Впрочем, в этом глубоком уважении к наукам тоже нет ничего принципиально нового по сравнению с упомянутыми идеалами средневекового рыцарства. «Согласно житию маршала Бусико, одного из наиболее характерных выразителей рыцарских идеалов позднего Средневековья, две вещи были внедрены в мир по божьей воле, дабы подобно двум столпам поддерживать устроение законов божеских и человеческих; без них мир превратился бы в хаос, эти два столпа суть «рыцарство и ученость, сочетающиеся во благо друг с другом»[213].
Итак, офицер Наполеона – это опытный, закаленный в боях командир, мужчина зрелого возраста, прошедший суровую школу войн и походов, профессионал своего дела, учитель и старший товарищ для своих солдат, но он еще и представитель нового рыцарства, опора общества, его моральный стержень и элита.
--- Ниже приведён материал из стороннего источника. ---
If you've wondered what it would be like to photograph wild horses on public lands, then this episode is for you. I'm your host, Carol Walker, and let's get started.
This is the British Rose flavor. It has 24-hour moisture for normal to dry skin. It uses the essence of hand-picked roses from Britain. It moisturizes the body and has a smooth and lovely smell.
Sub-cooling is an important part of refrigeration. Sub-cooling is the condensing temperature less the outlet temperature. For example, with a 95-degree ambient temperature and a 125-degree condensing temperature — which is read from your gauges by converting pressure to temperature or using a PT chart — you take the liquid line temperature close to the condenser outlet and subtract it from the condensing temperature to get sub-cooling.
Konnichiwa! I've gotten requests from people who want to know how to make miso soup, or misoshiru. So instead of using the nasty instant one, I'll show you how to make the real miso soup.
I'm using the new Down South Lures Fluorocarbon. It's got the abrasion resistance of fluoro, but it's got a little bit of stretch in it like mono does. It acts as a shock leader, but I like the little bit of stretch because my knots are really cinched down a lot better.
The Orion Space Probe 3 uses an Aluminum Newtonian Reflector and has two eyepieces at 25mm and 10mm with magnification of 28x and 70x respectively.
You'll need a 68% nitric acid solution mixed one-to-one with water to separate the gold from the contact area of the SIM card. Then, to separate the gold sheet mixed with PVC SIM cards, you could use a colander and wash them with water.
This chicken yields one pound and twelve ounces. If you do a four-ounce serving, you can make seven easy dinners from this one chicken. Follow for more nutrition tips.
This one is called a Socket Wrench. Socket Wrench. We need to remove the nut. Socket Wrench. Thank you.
Конечно, не все были такими, но к этому стремились, и как не вспомнить в заключение этой главы характеристику, которую дал генерал Фуа этим людям:
«Наши армейские офицеры, и особенно пехотные, сверкали чистотой и славой. Доблестные, как Дюнуа и Лагир, привыкшие к лишениям и не поддающиеся усталости, потому что они были сыновьями пахарей и ремесленников, они шли во главе своих рот и первыми бросались в битву или на штурм. Их существование было соткано из непрерывных лишений, но, далекие от тщеславия генералов и опьянения солдат, эти мученики патриотизма жили той духовной жизнью, которая сгорала в служении долгу»[214].
Глава IV
Высшие офицеры
Наполеон не интересовался их прежними убеждениями, и мало тем, что они думали в настоящий момент, его интересовало только одно – что человек умел делать.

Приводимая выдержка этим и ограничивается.